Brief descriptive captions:

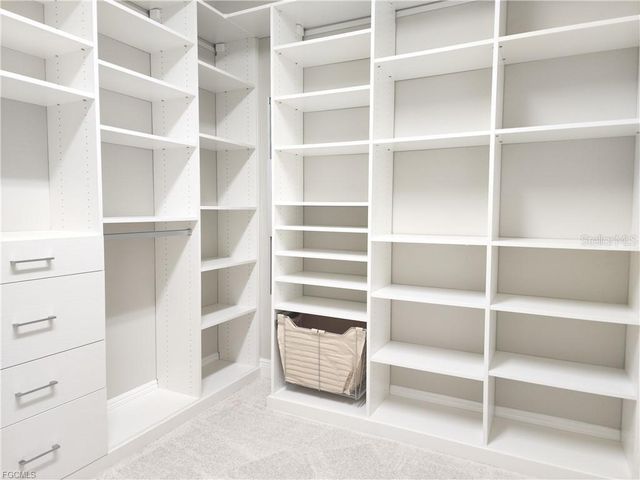 11913 SUNBURST MARBLE ROAD, Riverview, FL 33579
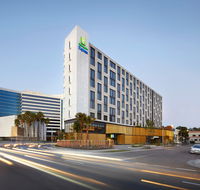 Holiday Inn Express Sydney Airport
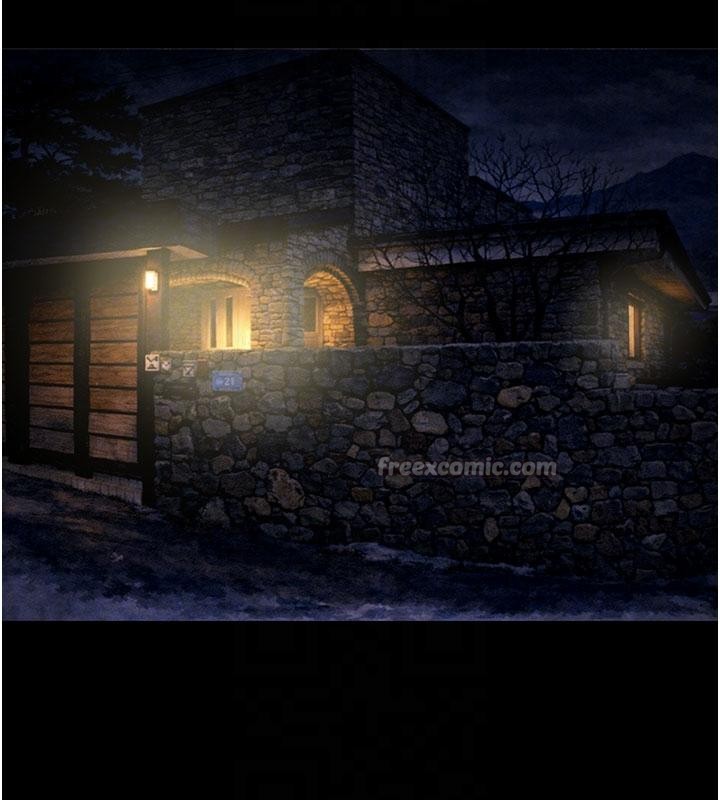 掠夺行动第88話-最後再好好疼妳一次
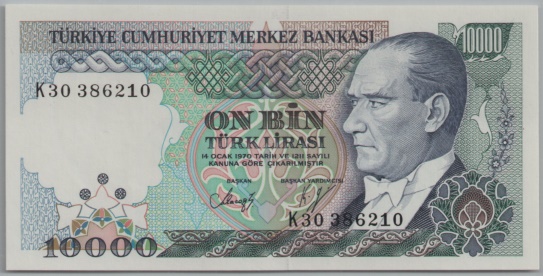 [Resmi Tam Görüntüle]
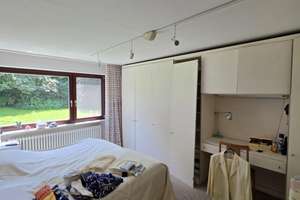 **Wohnen in Linsengericht-Waldrode – gepflegter Bungalow mit vielseitigen Nutzungsmöglichkeiten** – Die vollständige Adresse der Immobilie erhältst du vom Anbieter., 63589 Linsengericht – Vorschaubild 6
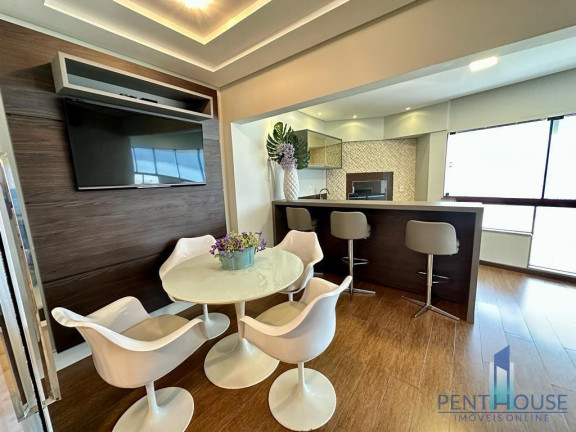 Imagem Apartamento com 3 Quartos à Venda, 190 m² em Centro - Balneário Camboriú Imagem Apartamento com 3 Quartos à Venda, 190 m² em Centro - Balneário Camboriú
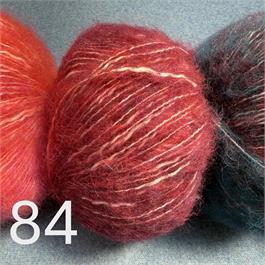 Adriafil Zucchero Filato Varigated Colou Thumbnail Image 4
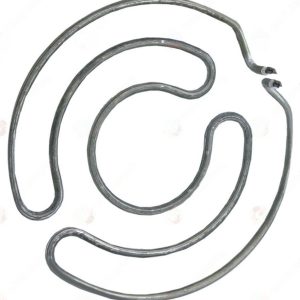 Тэн для CRP42, арт.CO3676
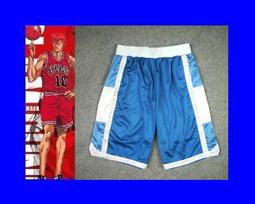 【SD】灌籃高手「陵南7號仙道彰」籃球服套裝 比賽隊服球衣訓練服 歷史價格詳細信息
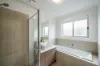 7 Weiss Street, Diggers Rest, Vic 3427-Image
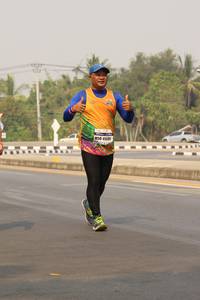 BIB: 41588
                            <button type="button" onclick="openModal(8867593)" class="btn btn-primary btn-sm float-right btn-popup" data-toggle="modal" data-target=".modal-high-quality">
                        <i class="fas fa-shopping-cart"></i> Add to Cart
                    </button>
                                            <button type="button" onclick="isThisMe(8867593, true)" class="btn btn-success btn-sm float-right btn-popup btn-isme hidden" data-toggle="tooltip" data-placement="bottom" title="นี่คือรูปของคุณใช่ไหม คลิกที่นี่เพื่อเอาเข้าอัลบั้ม">
                        <i class="fas fa-plus"></i> Add to album
                    </button>
                    <button type="button" onclick="isThisMe(8867593, false)" class="btn btn-warning btn-sm float-right btn-popup btn-isnotme hidden">
                        <i class="fas fa-ban"></i> Remove from album
                    </button>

**What you should do:** Only an exact copy of the lines from the top of the entries through the line with "Linsengericht – Vorschaubild 6", both included, should be given, with all pictures omitted.

**Output for this exercise:**
 11913 SUNBURST MARBLE ROAD, Riverview, FL 33579
 Holiday Inn Express Sydney Airport
 掠夺行动第88話-最後再好好疼妳一次
 [Resmi Tam Görüntüle]
 **Wohnen in Linsengericht-Waldrode – gepflegter Bungalow mit vielseitigen Nutzungsmöglichkeiten** – Die vollständige Adresse der Immobilie erhältst du vom Anbieter., 63589 Linsengericht – Vorschaubild 6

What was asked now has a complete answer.